Finkelstein also was connected with the successful New York campaigns of former U.S. Sen Al D'Amato and former Gov. George Pataki, along with working for North Carolina U. S. Sen Jesse Helms, Politico said.
"Without Arthur Finkelstein, Ronald Reagan might never have become president of the United States," the Post quoted Craig Shirley, a historian and Reagan biographer, who made the comment on the website of National Review magazine in January 2017.
The Post said Finkelstein, Roger Ailes, Lee Atwater, and Charlie Black were viewed as instrumental in shaping what became known as the Reagan Revolution.
He was 25 years old when he helped James Buckley, a registered member of New York's Conservative Party, win a six-person race for the Senate in 1970, the Post said. He helped Helms become the first Republican elected to the Senate from North Carolina since the 19th century two years later, the Post said.

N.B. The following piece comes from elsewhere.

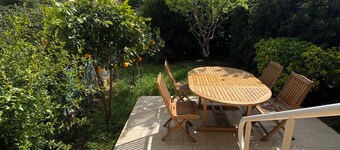 Apartment with garden, communal pool and tennis court 15 minutes from the beach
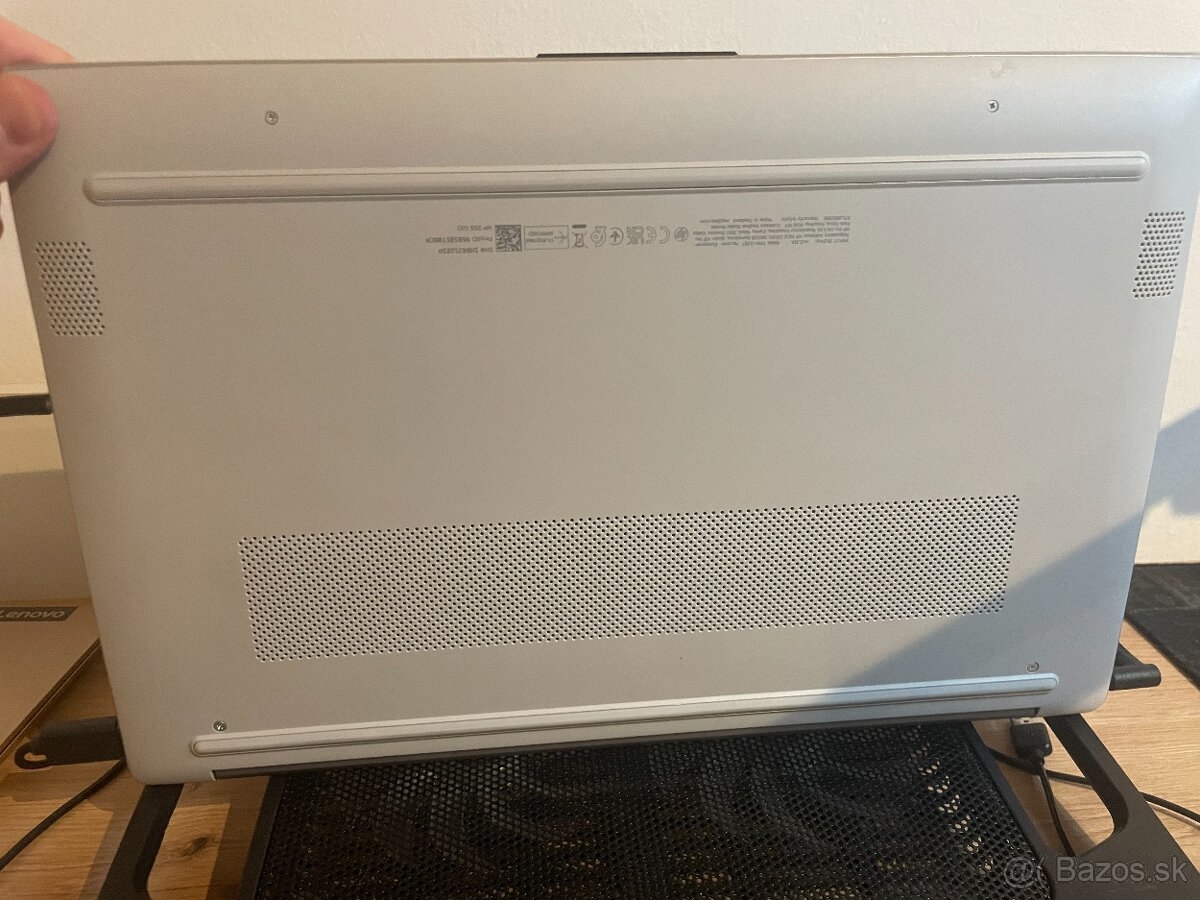 Predám HP 255 G10 – 15,6" Full HD, Ryzen 3, 8 GB RAM, 512 G - 4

Politico said he also was involved in Nixon's 1972 campaign as well. Finkelstein was credited with bringing the word "liberal" into the political narrative against his opponents.
"Essentially he has dictated the message strategy for the Republican Party," Mandy Grunwald, a Democratic consultant told the Post in 1996. "I don't know a Senate race in the country where the Republican message isn't charging liberal, liberal, liberal."
The Post said Finkelstein helped mold "liberal" attacks that helped Florida Sen. Connie Mack beat Democrat Buddy MacKay in 1988, assisted D'Amato win reelection to Congress in 1992 and Pataki unseat Mario Cuomo, father of current governor Andrew Cuomo, in 1994.